The characters were enjoyable to watch, and each had their own charm. They don’t fall into the trap of relying on character tropes and archetypes completely because they make each one kinda unique.
Furthermore, as an episodic series, it is important that the episodic characters are interesting. And, honestly, I don’t recall an episode where the episodic characters were boring. So on that front, you have nothing to worry about.
Sound and animation
So, needless to say, anyone who has watched this anime will tell you that the animation is great and the fight scenes are fuid and engaging – which is great, seeing as this is an action anime about samurai. And yes, they are right. I think what’s special about Samurai Champloo isn’t just that the animation is fluid, though, but the fact that the movements of the characters’ actions, epecially during fights, are irregular, creative and yet realistic and believable. Few special effects are used in the action scenes of this anime just because what they (the creators) give you is fine on its own.

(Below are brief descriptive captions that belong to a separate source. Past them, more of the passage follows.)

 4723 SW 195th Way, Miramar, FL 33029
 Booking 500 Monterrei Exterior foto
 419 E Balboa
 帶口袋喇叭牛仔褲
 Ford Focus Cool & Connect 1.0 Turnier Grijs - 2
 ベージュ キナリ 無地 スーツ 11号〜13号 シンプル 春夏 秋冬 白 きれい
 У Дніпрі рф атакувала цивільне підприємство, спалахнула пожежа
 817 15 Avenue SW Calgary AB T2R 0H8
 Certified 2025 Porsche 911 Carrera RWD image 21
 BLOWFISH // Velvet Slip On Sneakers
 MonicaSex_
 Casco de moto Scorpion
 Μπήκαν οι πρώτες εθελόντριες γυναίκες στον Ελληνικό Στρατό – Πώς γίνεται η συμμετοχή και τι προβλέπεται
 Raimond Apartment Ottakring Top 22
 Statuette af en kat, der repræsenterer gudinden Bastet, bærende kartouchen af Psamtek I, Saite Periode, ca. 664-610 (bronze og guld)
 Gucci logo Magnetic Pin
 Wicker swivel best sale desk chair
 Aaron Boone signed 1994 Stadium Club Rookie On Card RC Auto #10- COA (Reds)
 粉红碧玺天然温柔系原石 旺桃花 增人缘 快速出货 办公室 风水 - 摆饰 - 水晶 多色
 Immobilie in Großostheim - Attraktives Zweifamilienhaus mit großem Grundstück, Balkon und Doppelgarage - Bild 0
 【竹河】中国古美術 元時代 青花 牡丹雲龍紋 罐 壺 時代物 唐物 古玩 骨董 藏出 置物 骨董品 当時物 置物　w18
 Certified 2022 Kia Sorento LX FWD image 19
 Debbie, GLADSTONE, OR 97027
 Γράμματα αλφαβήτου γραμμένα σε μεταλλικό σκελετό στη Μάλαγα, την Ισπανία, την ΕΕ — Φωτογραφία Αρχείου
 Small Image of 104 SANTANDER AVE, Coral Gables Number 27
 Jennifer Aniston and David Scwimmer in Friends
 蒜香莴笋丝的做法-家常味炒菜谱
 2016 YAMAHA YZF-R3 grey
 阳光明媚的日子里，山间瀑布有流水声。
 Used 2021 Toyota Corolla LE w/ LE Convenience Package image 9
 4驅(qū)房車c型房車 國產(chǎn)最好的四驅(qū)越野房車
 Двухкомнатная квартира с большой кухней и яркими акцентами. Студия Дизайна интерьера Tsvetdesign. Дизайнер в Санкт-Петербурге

The soundtrack may be something that those interested in the music of Nujabes, Dj Okawari, Fat Jon, Emancipator and other artists of this music genre, have heard, or at least heard music by the soundtrack’s creators, Fat Jon and Nujabes. They went for something very new and different for this OST and I just ate it right up. And no – not because I’m a fan of that kind of music already – but because the artists who made it clearly made a soundtrack with character and that fit very well with the animation it was tied to. This hip-hop soundtrack flowed well with both the fast-paced and slow, more solemn scenes, and had attitude, which played nicely with the tone of the anime.
This anime is worth a watch. It was engaging, had fun and lively character ineractions and a good sense of companionship between its main characters. Each episode felt fresh and, most importantly, showed me that episodic anime can work well and not feel empty or repetetive.
8/10 for characters
7/10 on average for episodic story
9/10 for art and animation
8/10 for soundtrack
and a 9/10 for my personal enjoyment.